On 28 November 2010, Côte d’Ivoire held a second round of presidential elections, following a first round which took place in October 2010 after several postponements. Fourteen[1] candidates participated in the first round, and Alassane Ouattara and Laurent Gbagbo, the two candidates who garnered the most votes, made it to the second round of the polls. Gbagbo is the incumbent president. After the elections, the Independent Electoral Commission declared Ouattara the winner, but these results were invalidated by the Ivorian Constitutional Court which declared his rival, Gbagbo, the president-elect of Côte d’Ivoire.
This precipitated a crisis in the country. Gbagbo ‘refused to yield to international pressure and withdraw from his position’[2] in favour of Ouattara, who was recognised by the entire international community.
Mata Coulibaly and Honorine Sadia Vehi Toure, the two women’s rights advocates whom we interviewed, explained how the population is experiencing this situation: ‘We are going through a crisis and this is very difficult. There is tension in the country. Our days are filled with uncertainty because at any moment, a strike can be called,’ said Coulibaly. Toure added: ‘This is a real crisis and we are under tremendous stress. We do not know what tomorrow will bring. The social situation is deteriorating day by day. So it is highly stressful and frustrating.’

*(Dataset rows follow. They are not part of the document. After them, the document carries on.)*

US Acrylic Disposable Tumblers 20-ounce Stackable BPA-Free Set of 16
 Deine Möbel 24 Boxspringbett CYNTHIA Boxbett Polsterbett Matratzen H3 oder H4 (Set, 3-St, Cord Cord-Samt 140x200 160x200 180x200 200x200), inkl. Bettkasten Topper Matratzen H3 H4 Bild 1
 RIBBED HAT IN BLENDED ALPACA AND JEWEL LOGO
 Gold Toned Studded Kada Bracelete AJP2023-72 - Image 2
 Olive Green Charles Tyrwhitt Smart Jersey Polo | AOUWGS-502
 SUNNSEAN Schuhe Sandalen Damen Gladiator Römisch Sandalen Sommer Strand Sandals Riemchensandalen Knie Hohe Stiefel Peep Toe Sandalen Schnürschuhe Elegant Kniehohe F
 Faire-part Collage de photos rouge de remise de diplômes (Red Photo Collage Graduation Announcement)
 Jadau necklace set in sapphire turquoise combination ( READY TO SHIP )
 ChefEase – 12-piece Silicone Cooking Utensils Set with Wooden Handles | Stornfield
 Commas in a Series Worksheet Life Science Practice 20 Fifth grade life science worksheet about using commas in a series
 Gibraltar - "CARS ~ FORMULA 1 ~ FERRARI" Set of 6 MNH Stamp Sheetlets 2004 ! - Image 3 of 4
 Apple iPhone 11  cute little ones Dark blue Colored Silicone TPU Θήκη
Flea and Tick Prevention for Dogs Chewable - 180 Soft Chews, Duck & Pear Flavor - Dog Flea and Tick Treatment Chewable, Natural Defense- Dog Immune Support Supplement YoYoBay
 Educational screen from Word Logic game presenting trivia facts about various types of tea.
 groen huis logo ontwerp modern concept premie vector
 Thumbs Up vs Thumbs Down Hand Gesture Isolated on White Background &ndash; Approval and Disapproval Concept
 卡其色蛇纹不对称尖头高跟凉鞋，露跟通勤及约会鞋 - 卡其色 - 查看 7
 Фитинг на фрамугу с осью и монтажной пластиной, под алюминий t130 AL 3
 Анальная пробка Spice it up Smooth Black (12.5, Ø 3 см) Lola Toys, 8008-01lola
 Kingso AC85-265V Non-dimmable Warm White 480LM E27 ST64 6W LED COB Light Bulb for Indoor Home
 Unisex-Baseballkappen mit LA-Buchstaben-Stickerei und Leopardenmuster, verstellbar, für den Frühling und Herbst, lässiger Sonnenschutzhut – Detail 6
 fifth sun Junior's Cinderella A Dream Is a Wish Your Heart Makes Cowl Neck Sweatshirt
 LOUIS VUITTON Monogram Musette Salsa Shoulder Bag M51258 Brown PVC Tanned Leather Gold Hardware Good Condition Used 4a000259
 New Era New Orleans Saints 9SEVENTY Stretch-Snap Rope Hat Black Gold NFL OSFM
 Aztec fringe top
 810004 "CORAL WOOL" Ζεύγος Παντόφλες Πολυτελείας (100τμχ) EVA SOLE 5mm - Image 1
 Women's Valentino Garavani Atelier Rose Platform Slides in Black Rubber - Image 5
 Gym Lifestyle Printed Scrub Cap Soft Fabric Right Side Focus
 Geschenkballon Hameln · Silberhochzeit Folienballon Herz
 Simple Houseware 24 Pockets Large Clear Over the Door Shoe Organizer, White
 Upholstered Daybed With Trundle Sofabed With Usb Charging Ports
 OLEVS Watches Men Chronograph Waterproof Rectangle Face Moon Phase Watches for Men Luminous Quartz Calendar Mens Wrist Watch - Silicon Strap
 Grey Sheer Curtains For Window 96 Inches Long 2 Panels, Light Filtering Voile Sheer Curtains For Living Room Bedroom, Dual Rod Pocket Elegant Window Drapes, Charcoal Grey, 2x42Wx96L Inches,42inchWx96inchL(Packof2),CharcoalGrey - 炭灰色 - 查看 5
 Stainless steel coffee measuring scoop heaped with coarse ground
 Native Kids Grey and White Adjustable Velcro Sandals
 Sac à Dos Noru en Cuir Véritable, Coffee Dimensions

The political crisis in Côte d’Ivoire has had major diplomatic, financial, economic and social repercussions on the population, including on women and the organisations that defend their rights.
Gbagbo’s refusal to step down has prompted several international organizations, including the United Nations, the European Union, the African Union and the Economic Community of West Africa States (ECOWAS) to take punitive measures against him, his family and close friends, and the state.
IMPACT OF THE CRISIS ON THE DAILY LIVES OF IVORIANS
The economic cost of Côte d’Ivoire’s conflict between 2002 and 2007 was severe: the gross domestic product (GDP) per person dropped by 15 per cent between 2000 and 2006 and poverty consequently increased. Côte d’Ivoire’s rank in the Human Development Index (HDI) dropped from 154 in 1999 to 166 in 2007,[3] and later rose to 149 in 2010.[4] Before the post-electoral crisis, the economic outlook for Côte d’Ivoire seemed to have improved, with a growth of 3.8 per cent in 2009 and optimistic forecasts for an increase of revenue from cocoa and petroleum exports.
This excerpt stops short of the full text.